> To do
Every line from the one containing "Hot sexy Indian" to the end of the records below must be copied exactly, and no pictures may be included.
Stored data START
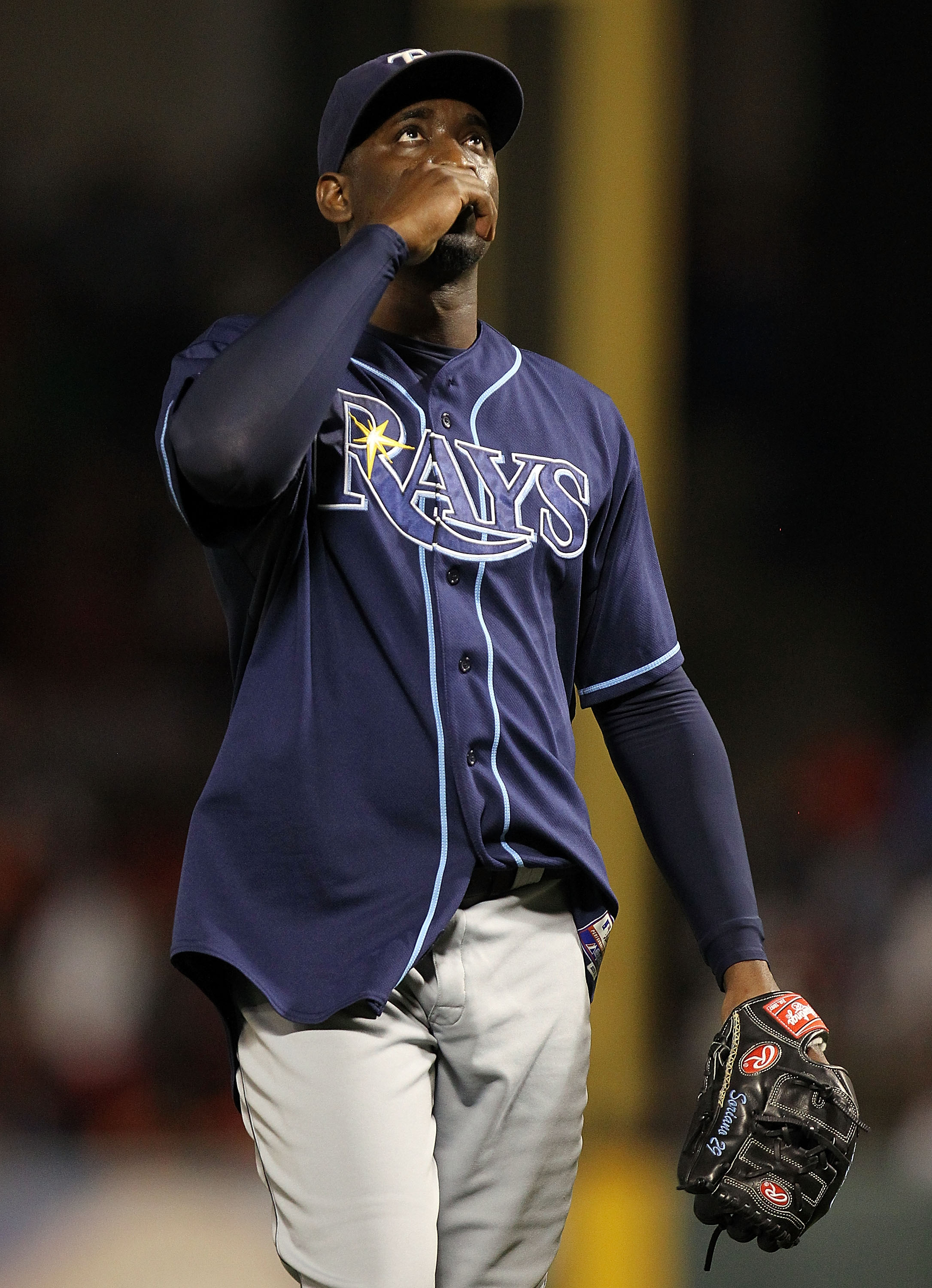 ARLINGTON, TX - OCTOBER 09:  Pitcher Rafael Soriano #29 of the Tampa Bay Rays reacts after a 6-3 win against the Texas Rangers during game 3 of the ALDS at Rangers Ballpark in Arlington on October 9, 2010 in Arlington, Texas.  (Photo by Ronald Martinez/Ge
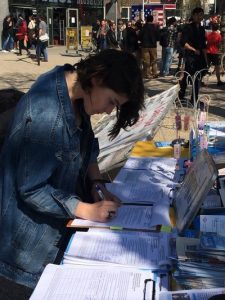 One young woman signs a petition.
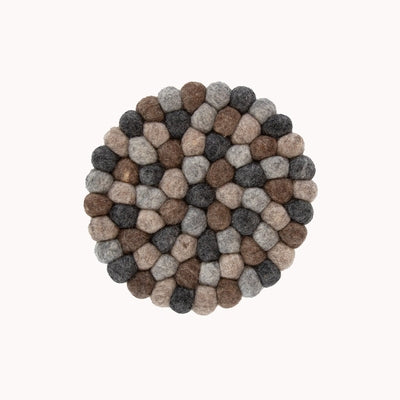 This handcrafted felted wool trivet combines a warm colour design with durable, sustainable materials.

Its hardwearing construction offers reliable protection for your surfaces while adding an elegant bright touch of colour to your home.  Shown as a close up on a white backdrop.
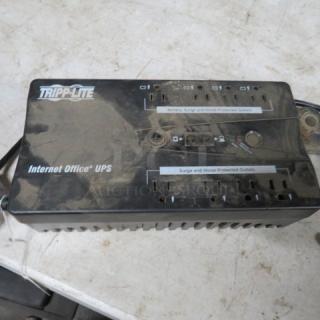 Tripp Lite Battery Backup, black, multiple outlets, marked "Internet Office UPS," visible wear and dust.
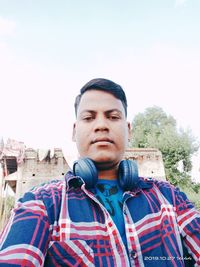 Portrait of young man standing against sky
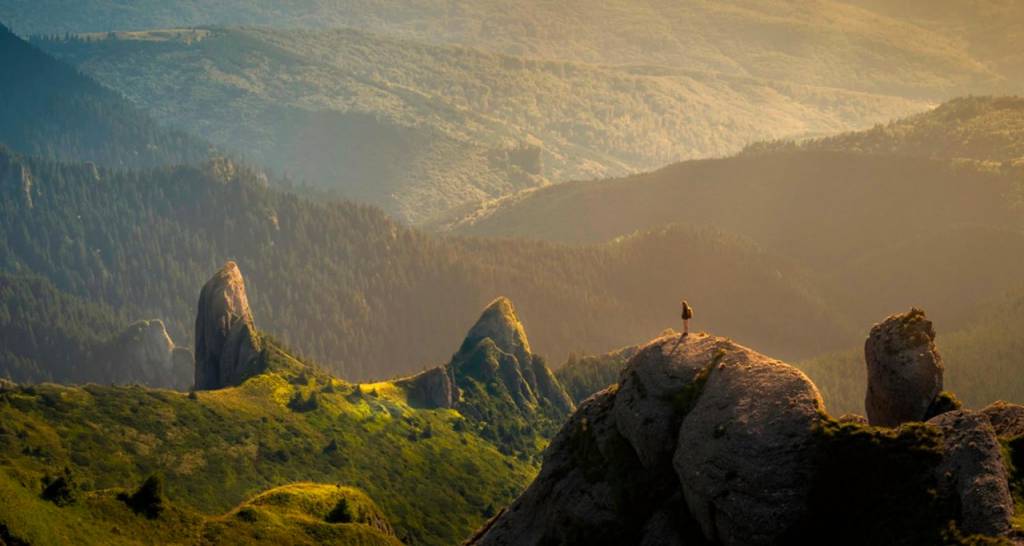 Vista de una silueta de una persona en la punta de un montaña iluminada por el sol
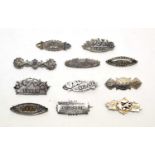A collection of silver Victorian and early 20th Century brooches,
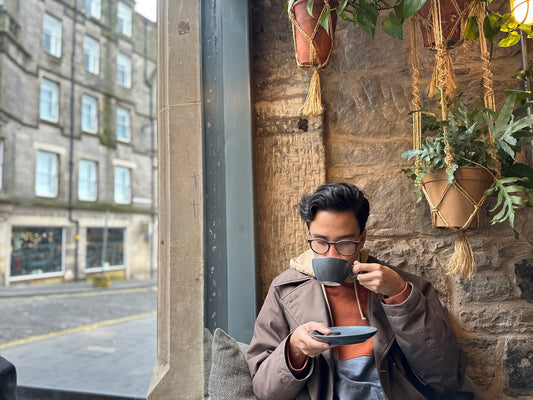 Phelan in a coffee shop near a window drinking tea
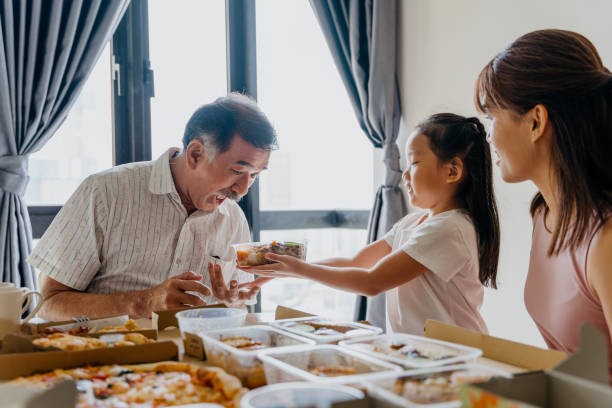 asian family eating take away food at home - junk food stock pictures, royalty-free photos & images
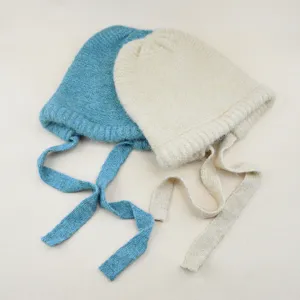 Knit beanie hat detail view, soft woolen material with adjustable long strap ties for women.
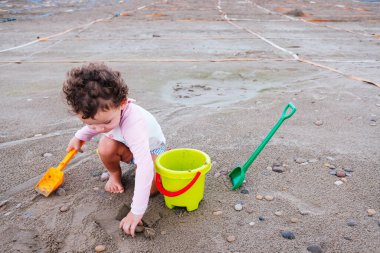 Bir bebek, salgından sonraki yeni normallik döneminde plajda oynamaktan hoşlanır..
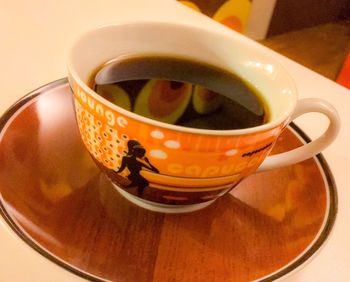 Close-up of tea cup on table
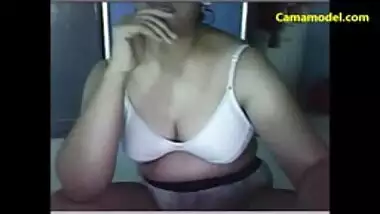 Hot sexy Indian babe showing natural tits on webcam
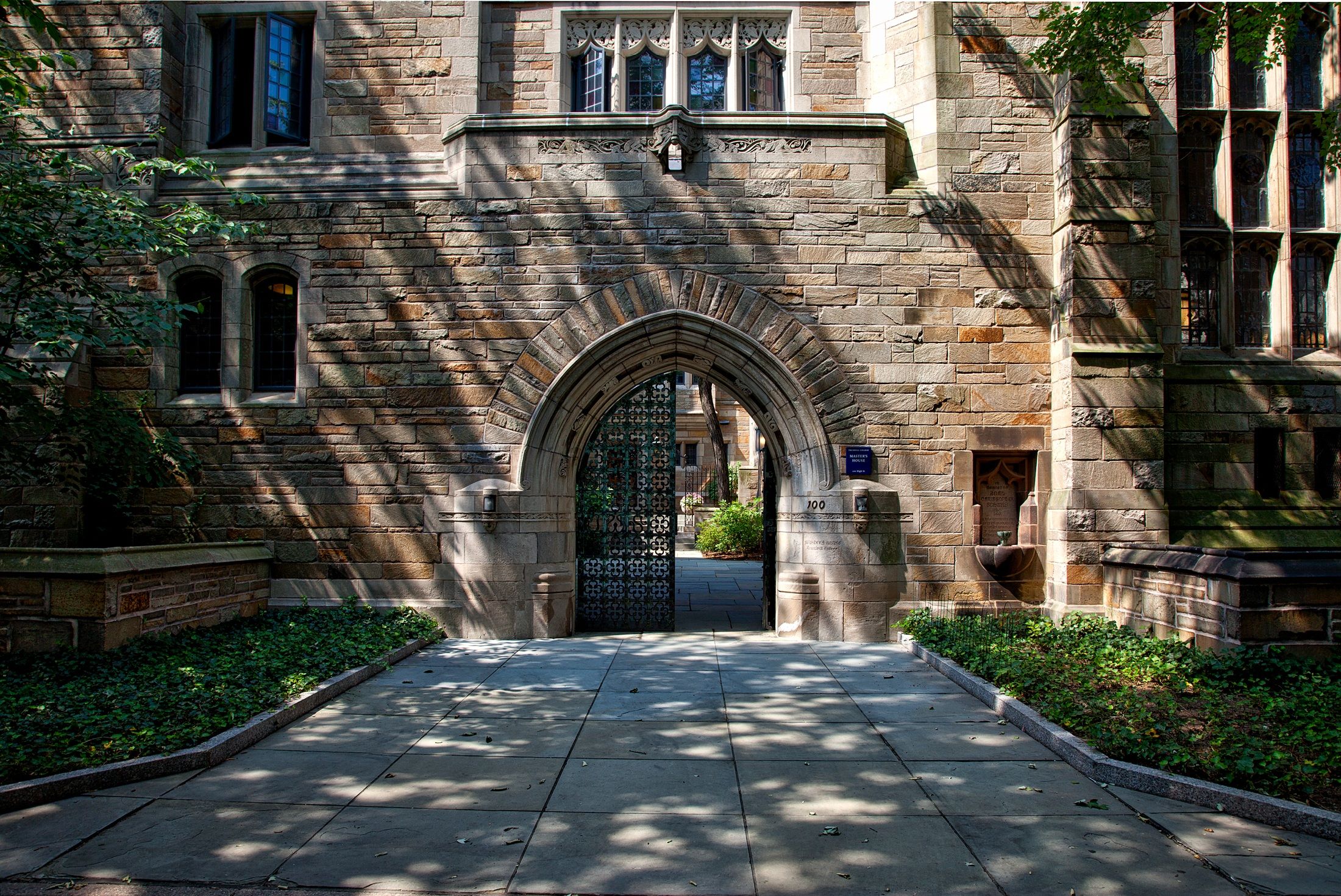 Stone archway leading into a university campus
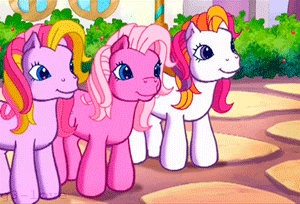 three pink ponies are standing next to each other on a sidewalk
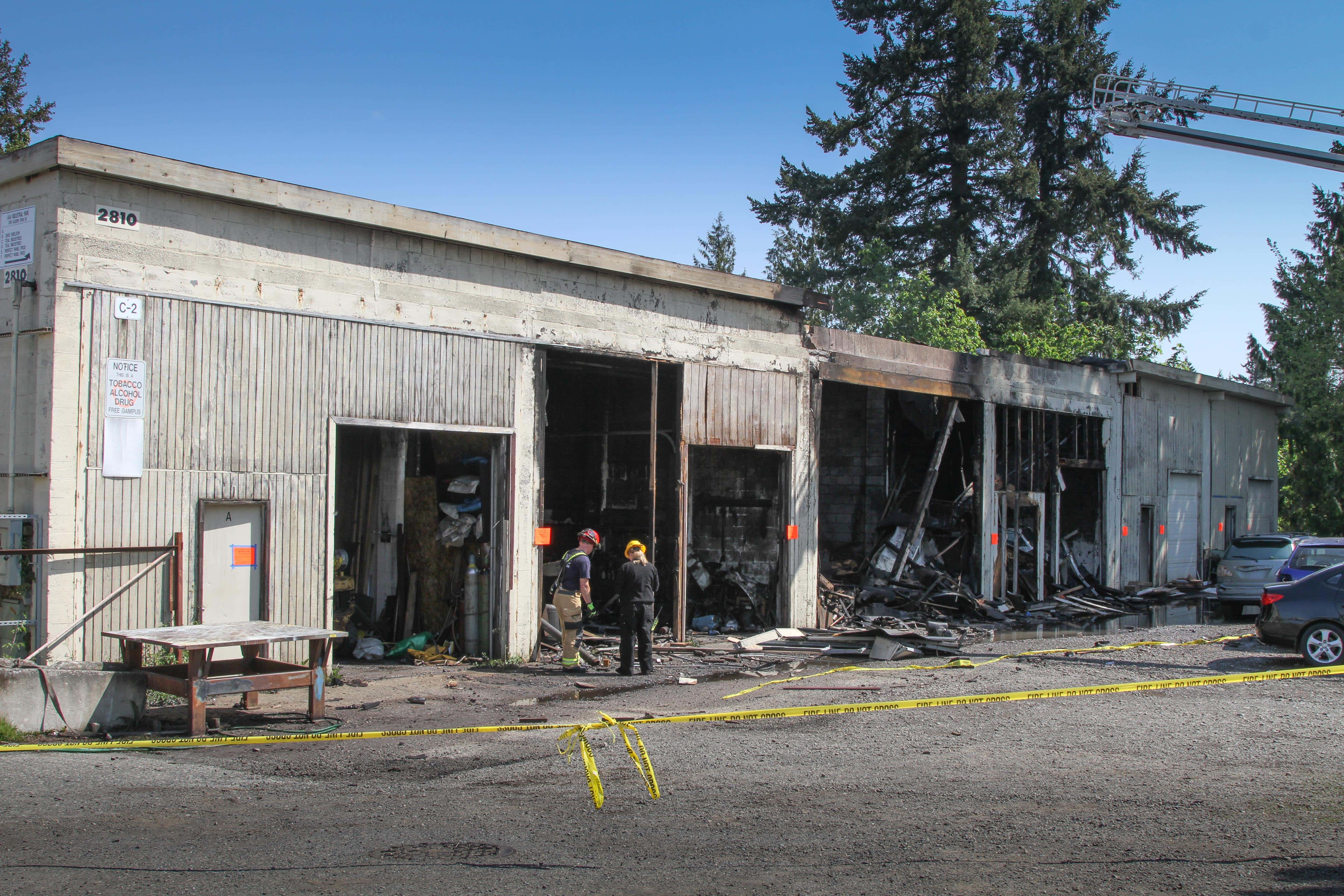 Firefighters inspecting the charred shell of the warehouse on Friday, May 8. (Heidi Baumgartner)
Stored data END
> Answer space
 Hot sexy Indian babe showing natural tits on webcam
 Stone archway leading into a university campus
 three pink ponies are standing next to each other on a sidewalk
 Firefighters inspecting the charred shell of the warehouse on Friday, May 8. (Heidi Baumgartner)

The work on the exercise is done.